A-christmas-story-ralphie-santa We’re now in the midst of Hanukkah and Christmas will be here in a few short weeks.  The Season of Giving, right?  And with all of the great things about this season also comes gifting stress.  You know how it works…You get together with someone this time of year for lunch or coffee and they come bearing gifts.  You immediately feel like a putz because you didn’t get one, so as soon as you leave, you head to the mall and buy them a gift…out of guilt.

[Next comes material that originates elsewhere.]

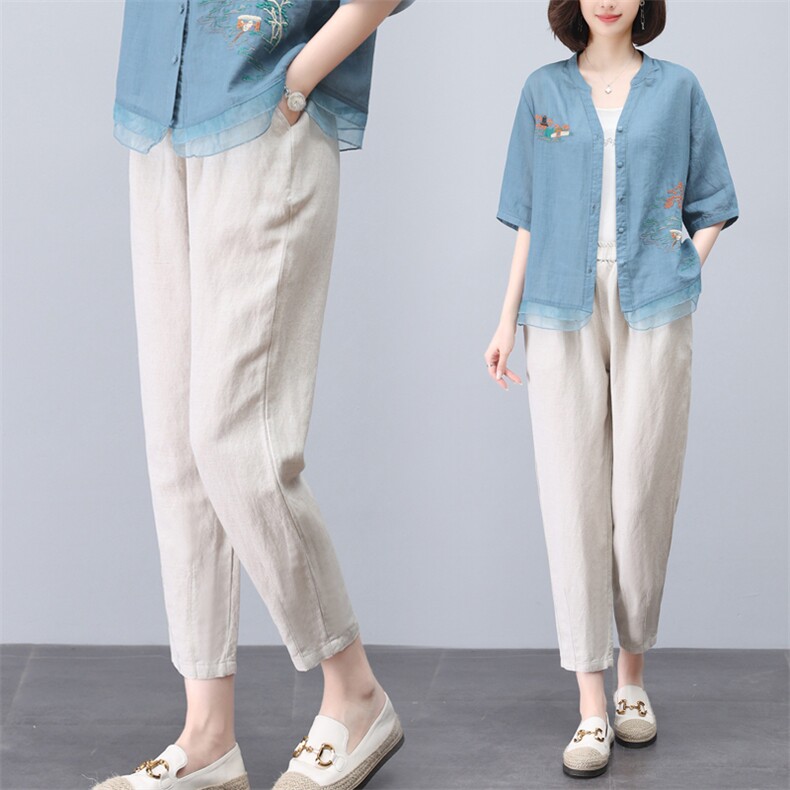 棉麻女夏季2024新款年轻妈妈休闲大码洋气减龄苎麻衬衫，女装休闲裤，璐依舞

Or, your children spend the entire month of December hearing about all the presents that their friends at school are going to get.  They start listing out the aggregate of ALL the gifts they’ve been hearing about at school on a daily basis and you are burdened by the thought that your child might be hanging his or her head at the lunch table when all the kids are discussing what they got.  So, you get them…everything.

You have a new boyfriend, girlfriend, fiancé or spouse and this is your first holiday season together, so you decide that you’re going to show them you know how to do it right.  And, you’re scared to death that they are going to outspend you, so you make sure that they don’t…out of fear.

Fear and guilt are not good motivators.   Thoughtful, heartfelt impulsion, on the other hand, is a great way to gift.  So, if you’re a last minute gift buyer like me, I suggest that you sit down and think about who you feel impelled to give a gift to, and then actually apply a budget to each gift – a guideline on how much you want to spend.  NEVER use credit to pay for a gift, because then you start the New Year off with a lower net worth than you had the day after Thanksgiving.  If you free yourself from giving out of guilt or fear, you’ll enjoy the season all the more.